Exercise | Would you transcribe the listing exactly as it stands, minus any images?

Excerpted records |
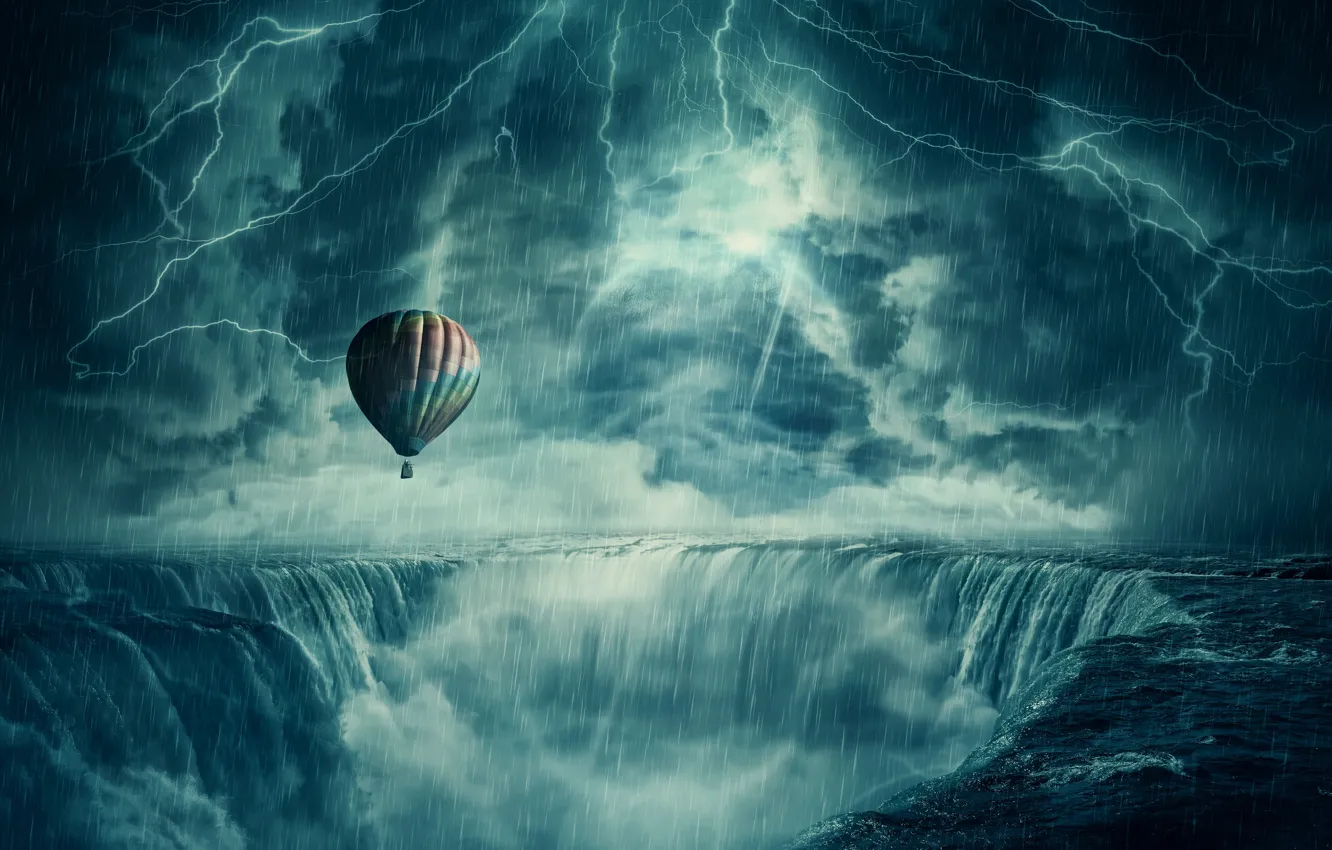 Фото обои гроза, воздушный шар, дождь, молния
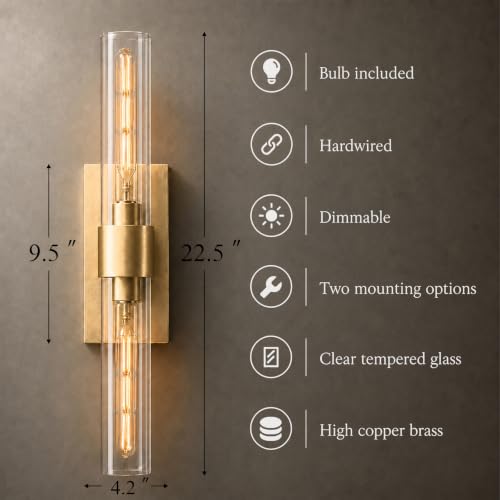 Hardwired Brushed Brass Wall Sconce (Gold / 1 Pack)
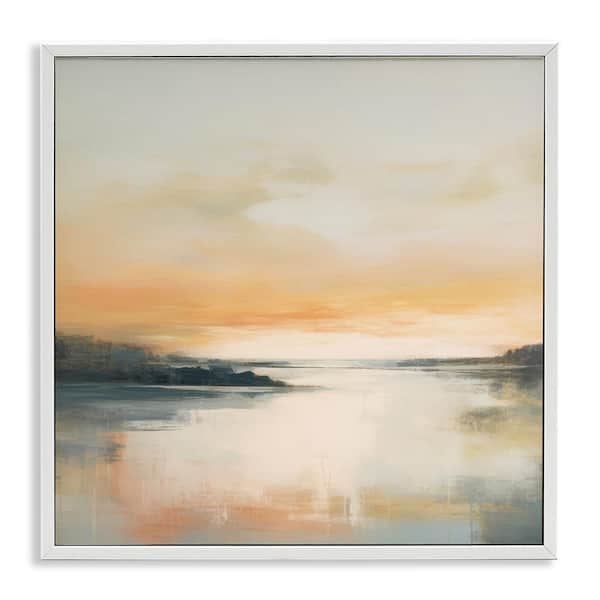 Stupell Industries Clear Sunset on Lake by Irena Orlov White Framed Nature Giclee Art Print 24 in. x 24 in.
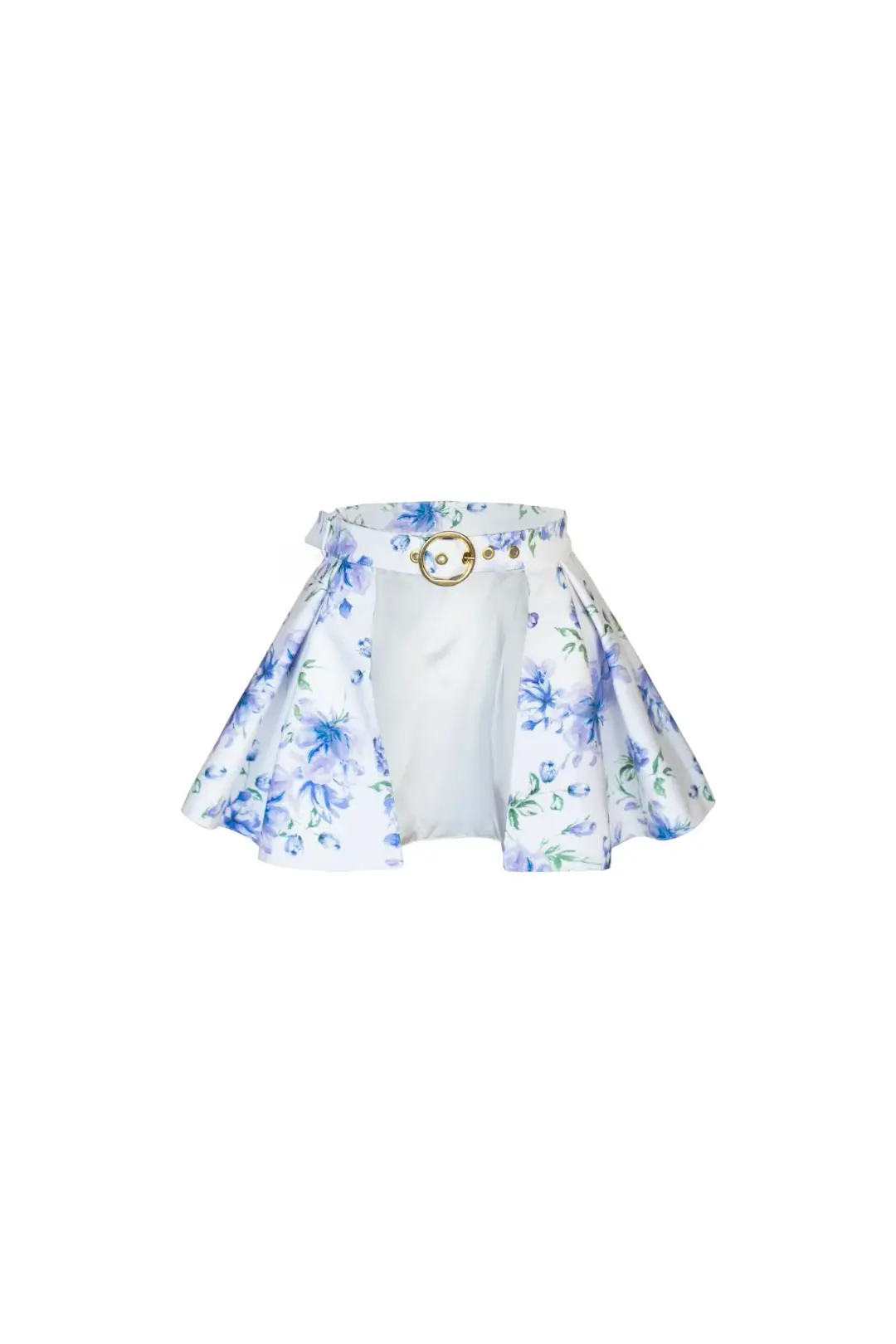 Buckle Belt with Peplum Detail in White with Blue Flower print | Floral White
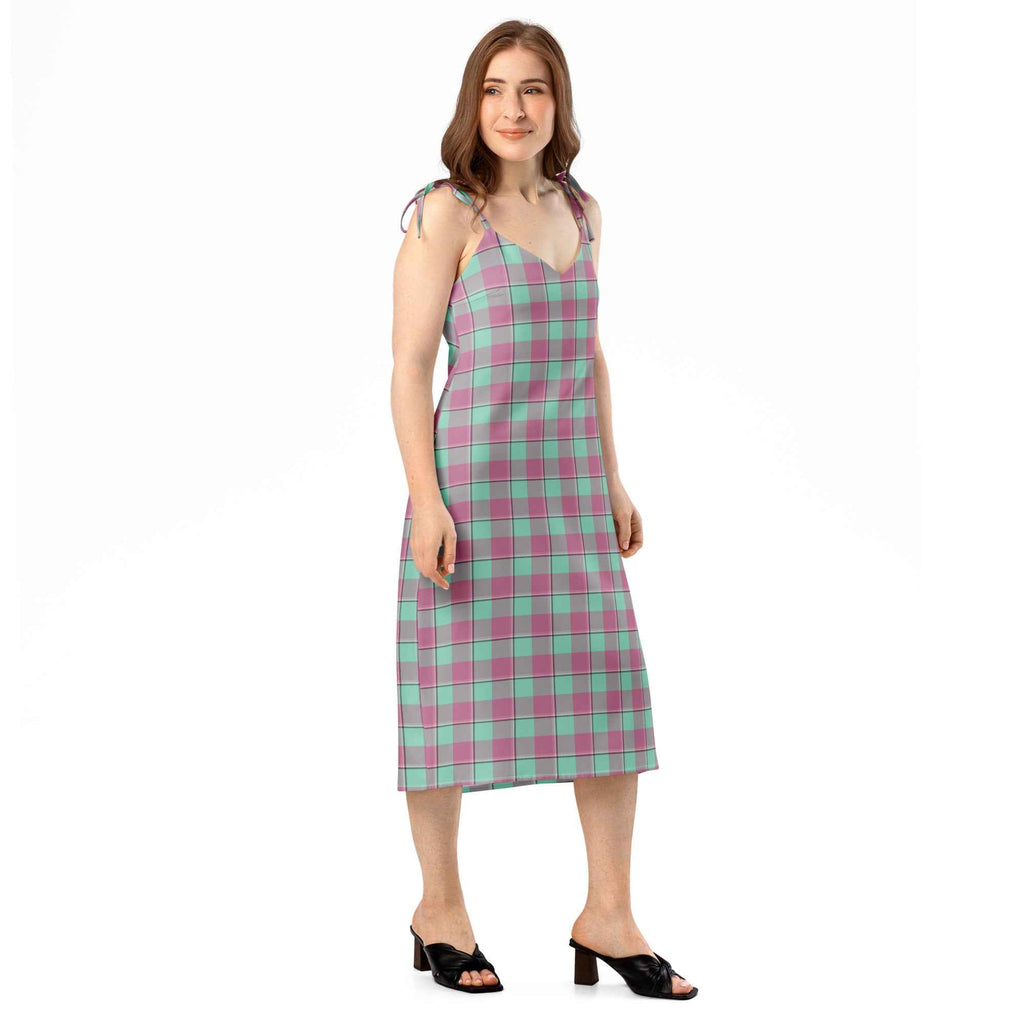 Tie-Strap Midi Dress Vista Blue and Turkish Rose Plaid - Scottish Squares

The answer |
 Фото обои гроза, воздушный шар, дождь, молния
 Hardwired Brushed Brass Wall Sconce (Gold / 1 Pack)
 Stupell Industries Clear Sunset on Lake by Irena Orlov White Framed Nature Giclee Art Print 24 in. x 24 in.
 Buckle Belt with Peplum Detail in White with Blue Flower print | Floral White
 Tie-Strap Midi Dress Vista Blue and Turkish Rose Plaid - Scottish Squares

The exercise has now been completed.